One after another, throughout the long night, Democratic senators took to the podium and talked about how they had never had so many calls or emails against a nomination before.

“It’s not Democrats who are bitter about the election. It’s the American people who are bitter about this nomination,” New York Sen. Chuck Schumer said early Tuesday morning.

“Betsy DeVos is the negative trifecta,” Schumer said, arguing that she was negative on competence, negative on philosophy and negative on ethics, claiming that her conflicts of interest “are legion.”

“She couldn’t get her paperwork in on time. How is someone who is going to run the Department of Education with tens of thousands of employees and not get her paperwork in on time?” he asked. “She should go back for a second hearing now that her paperwork is in.”

By then, it had been a long night full of passionate speeches in an attempt to convince another senator to jump the aisle.

“I hope against hope that another Republican will have the courage of the senators from Alaska and Maine.”

Senate Majority Leader Mitch McConnell—the man who held up Obama’s Supreme Court nomination for almost a year and came up with the strategy of opposing everything Obama did from day one—said “Now is the time to put country before party,” and complained that two weeks into Trump’s term, he has fewer cabinet members confirmed than anyone “since George Washington.”

“So yeah, now is the time,” he said.

But no one, save the the two brave defectors, put country above party. The vote was a tie. For the first time in history, the vice president, now Mike Pence, voted to break a tie on a cabinet nominee.

Later in the day, Pence swore DeVos in.

Despite the fact that the Republican senators followed up this narrow and bruising victory by voting to limit the debate on the nomination of Jeff Sessions as attorney general, Democrats launched another defensive against the notoriously racist Senator from Alabama.

Sometime around 8 p.m., Sen. Elizabeth Warren was reading from a letter written by Coretta Scott King against Sessions in 1986, when he had been appointed to a federal judgeship.

“Mr. Sessions has used the awesome power of his office to chill the free exercise of the vote by black citizens in the district he now seeks to serve as a federal judge.”

McConnell stepped forward and interrupted, seemingly on the new right wing principle that it is worse to be called a racist than to be a racist, saying that Warren violated Rule 19 and “impugned the motives and conduct of our colleague from Alabama.” Warren was “red carded” for the remainder of the debate, but she read King’s entire letter on Facebook Live and the internet exploded with supporters quoting McConnell, who said, “She was warned. She was given an explanation.
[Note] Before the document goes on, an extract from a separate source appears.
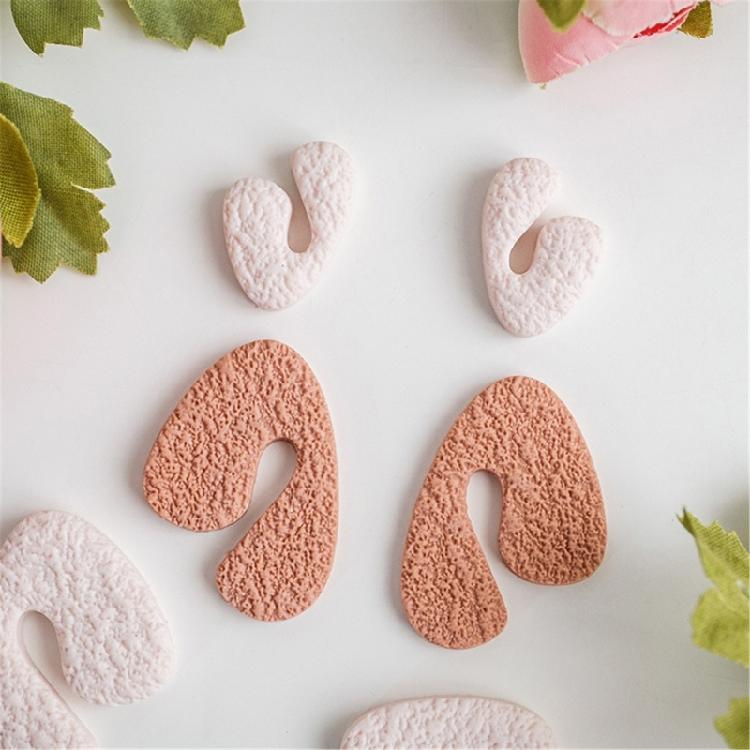 Acrylics Clay Texture Roller for Earrings Making Clay Modeling Pattern Roller Clay Rolling Pin for Clay Earrings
Nevertheless she persisted.”

Republicans voted along party lines to enforce the rule against Warren, but Democratic Senator Jeff Merkley, of Oregon, read the letter, in defiance of McConnell.

Rule 19, ironically, came to be when South Carolina Senator “Pitchfork” Ben Tillman attacked a young protege on the Senate floor in 1902 after their words had grown too heated. Tillman’s “Red Shirts” terrorized African Americans during reconstruction and was a precursor to the KKK. Coretta Scott King originally wrote the letter that McConnell did not want Warren to read to Strom Thurmond, an admirer of Tillman, who ran for president on a platform of Segregation.

After gaining a Supreme Court nomination for his party, by refusing to hear Obama’s nomination of Merrick Garland, McConnell seems to think that he can wield any rule or imagined rule of the Senate in any way he wishes.

How sitting senators are supposed to be vetted for cabinet positions if one cannot read historical concerns about their character or political positions into the public record? Doesn’t this encourage president’s to appoint senators, so they may not be questioned? And wouldn’t that, in turn, encourage senators to play the puppy dog to the executive branch when it is controlled by their party? 

The danger that such a move does to the institution of the senate may turn out to be more dangerous than the sexism of a male trying to silence the voice of a female colleague or a white person silencing the voice of an African American legend. McConnell’s move seems to be another concerted effort to consolidate the power of the nation’s single ruling party and as such is an affront to democracy.